U.S. sanctions don't pass muster on economic and geopolitical grounds, either. Put simply, they are bad for U.S. business and worse for the long-term American position in the Persian Gulf and the Caspian Sea--two of the world's most strategic locations. As Conoco CEO Archie W. Dunham told Energy Secretary Federico F. Pena recently, Iran is not going to wait until the U.S. changes its policies before developing its enormous oil and gas resources. Dunham ought to know: Conoco's $1 billion deal to exploit a big offshore oil field was killed by President Bill Clinton in 1995. Now, France's Total is pumping 120,000 barrels a day from the fields.

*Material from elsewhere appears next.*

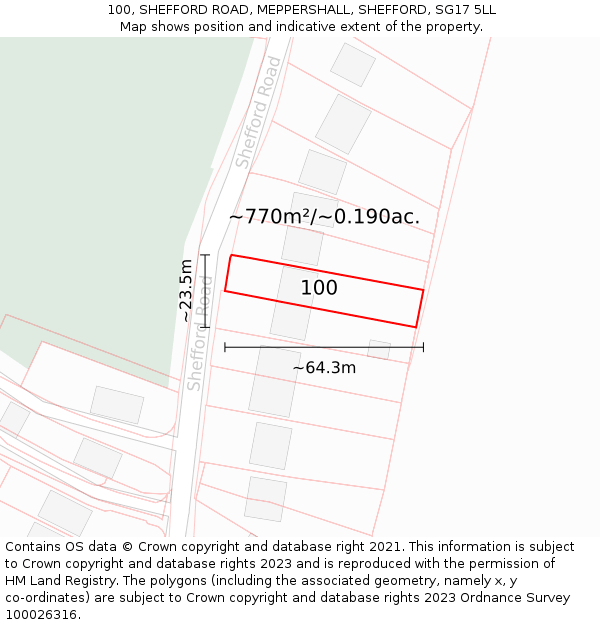 100, SHEFFORD ROAD, MEPPERSHALL, SHEFFORD, SG17 5LL: Plot and title map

Anti-American slogans still bedeck Tehran, but the days when Iran was trying to export its revolution are long gone. Iranian officials admit that the U.S. was once targeted by bombers directed from Tehran. But the officials argue that Iran was not involved in more recent attacks, such as the June, 1996, explosion that killed 19 U.S. airmen in Saudi Arabia. And the Iranians flooding into largely Muslim Central Asian republics of the former Soviet Union are pursuing trade, they say, not propagating ideology.
SWORN ENEMIES
Building bridges between Iran and the U.S. won't be easy. Ever since students stormed the U.S. Embassy in Tehran in 1979 and seized 52 hostages, Iran has held a special place in the American psyche. Similarly, having reinstalled the Shah of Iran in a CIA-engineered coup in 1953 and then propped him up, Washington is seen as an implacable foe of Iranian independence.
There have been small signs that something is stirring in Washington. Leading members of the U.S. foreign policy Establishment--Zbigniew Brzezinski, Richard Murphy, and Brent Scowcroft--argued last April that the U.S. anti-Iran policy was counterproductive. Following President Khatami's landslide victory a month after that, Washington sent quiet messages to him through Saudi envoys. And in August, the State Dept. put Tehran's fiercest opposition--the MKO--on its terrorist watch list.
But those nudges and winks aren't enough. ``This whole story between the U.S. and Iran has to end. The Americans have to realize that their policies are simplistic and counterproductive,'' says one Western ambassador in Tehran.
``And the day there's a change in behavior, there'll be a McDonald's on every street corner in Tehran.'' That probably won't happen anytime soon. Even the most pro-American Iranians say that the U.S.-Iranian relationship can only be restored to health slowly. But the moment to start changing old habits has arrived.